Footprints: Fear in border town

Published May 7, 2017
QUETTA: Members and supporters of the Balochistan Muttahida Mahaz protesting on Saturday outside the Afghan consulate against unprovoked firing by Afghan security forces on civilians and Frontier Corps personnel a day earlier.—Online
QUETTA: Members and supporters of the Balochistan Muttahida Mahaz protesting on Saturday outside the Afghan consulate against unprovoked firing by Afghan security forces on civilians and Frontier Corps personnel a day earlier.—Online

NEAR Jinnah Road at Quetta’s taxi stand, Naeem Ullah Khan is shouting out his destination. Three passengers were already sitting in his car, and he starts the journey as I too get in. “Is the Quetta-Chaman route closed today?” I ask. “No, it was closed yesterday, and we could not earn our livelihood,” he replies.

The three young Chaman residents travelling in this taxi are barely aware of the situation. Ashraf, dressed in traditional Afghan attire, knows only that the census team in Chaman was attacked on Friday. As we reach the top of the breathtakingly beautiful Khojak Pass near Chaman city, three army helicopters are hovering over the mountains. One of the passengers asks: “What happened? Have Pakistan and Afghanistan have started a war?”

After a small rendezvous in Chaman city, we head to the border located four kilometres from the city. The situation is tense, and there are some 3,000 army and Frontier Corps personnel. Except for security vehicles and the DSNG vans of private TV channels, there is no one at Zero Point.

Following the tragic incident on Friday, the border has been closed. “Every day, around 30,000 local Chaman traders cross the border to work in Afghanistan. They’re sitting at home these days,” says Habib Ullah Achakzai, a local trade leader in Chaman. Sitting in Qandahari bazaar of Chaman city, he explains, “Our business in Chaman in particular and Qilla Abdullah district in general is attached to Zero Point. Currently, several families I know personally cannot even earn their livelihood.”

In Balochistan, Qilla Abdullah is a predominantly Pakhtun district, and Chaman city is its headquarters. At the district commissioner’s office, only a clerk is present. The others, I am told, have left for Quetta or elsewhere.

At the Pakistan-Afghanistan border, a security official tells me: “We have asked civilians to vacate the border town as the situation is still tense. They have been moved three kilometres away.”

According to a local journalist in Chaman, Asghar Achakzai, there are around 14 towns at the border in Qilla Abdullah district. “You can hardly find civilians in these towns now,” he adds. “They have mostly gone to Chaman city, and areas around the Khojak Pass, Qilla Abdullah, and Quetta. They’re staying with relatives.”

During the half-day I spend there, Chaman is rife with rumour; the residents are beginning to get message alerts. One of them is Mohammad Nawaz, in his late twenties. “I have never been so scared in my life as I am these days,” he tells me. “Shelling has also occurred in the areas surrounding Chaman. I do not know what is wrong with us, as we [the Achakzai people] live on both side of the border. Half my family lives on the other side of the border, while we have lived here since before Pakistan was created. Gradually, slowly, we are getting cut off from each other — socially, culturally and economically. Afghan forces also predominantly belong to the Achakzai tribe, and their guns kill their own brethren on Pakistan’s side of the border. This madness has to stop.”

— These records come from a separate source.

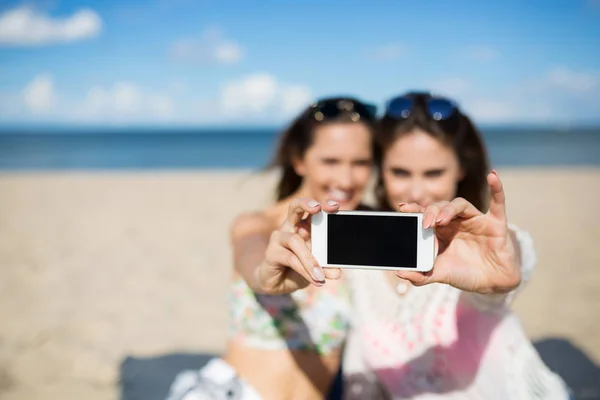 Две девушки на пляже делают селфи на смартфоне — стоковое фото
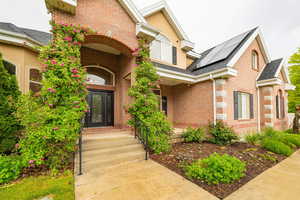 Property entrance featuring solar panels, brick siding, roof with shingles, and a porch
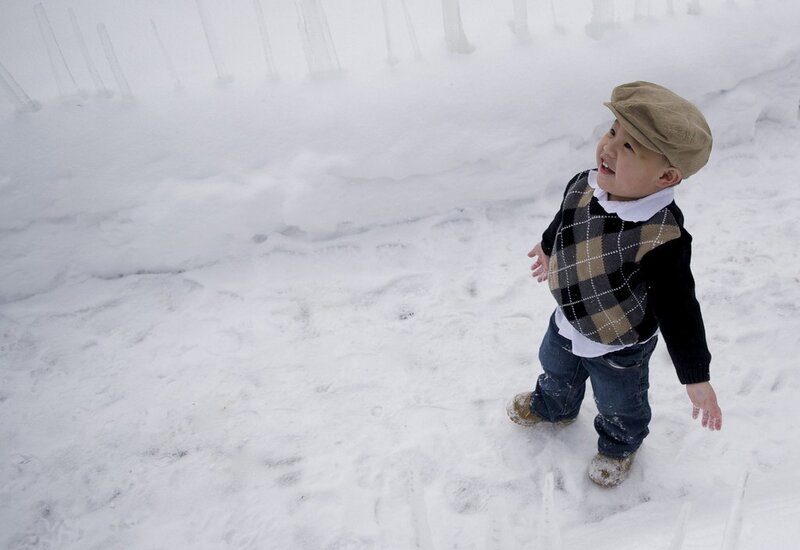 child playing in snow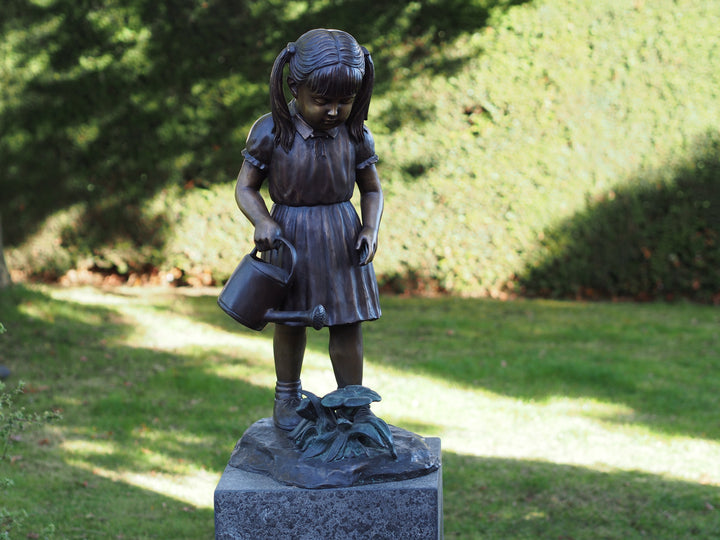 Bronze sculpture of a little girl watering the plants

Sitting in his small office at Chaman’s famous Taj Road, Asghar Achakzai goes into the background of the recent crisis. He explains: “In 2014, trenches were being dug at the Pak-Afghan border to stop the infiltration of terrorists. Three bordering towns were left out of the trenches. It is said that Killi Luqman, Killi Jahangir, and Killi Haji Mohammad Rasool, though towns of Pakistan, were left out even though residents have Pakistani national identity cards and facilities.”

Currently, these border towns are on the other side of the trenches, which is why Afghan authorities are opposed to a census here. Due to this, residents say, these towns have become controversial. The Afghans attacked the census team and civilians in Killi Jahangir and Killi Luqman in an assault that continued for nearly eight hours. The tragic incident took lives of 12 Pakistanis, including two members of the security forces.

In Chaman city, schools, colleges, and other educational institutions are closed, so much so that intermediate exams have been cancelled. In the city and beyond, everyone is praying for peace. “I have not slept since yesterday due to the fear of cross-border firing in my town, Sui Karez,” says Shams Ullah. “There are 300 houses and the town is approximately 12 kilometres away from Chaman city. Afghan forces target the civilian population directly.”

According to Asghar Achakzai, “The standoff between Pakistan and Afghanistan is over the claims of each over the aforementioned border towns.”

Having paid a last visit to the Chaman Civil Hospital, an octogenarian father of six children tells me in Pushto-accented Urdu: “In the bypass area of Chaman city, I lost two of my children and the others sustained injuries due to the shelling.”

Although the weather in Chaman is cloudy, and it finally starts raining, the mood of the people remains gloomy.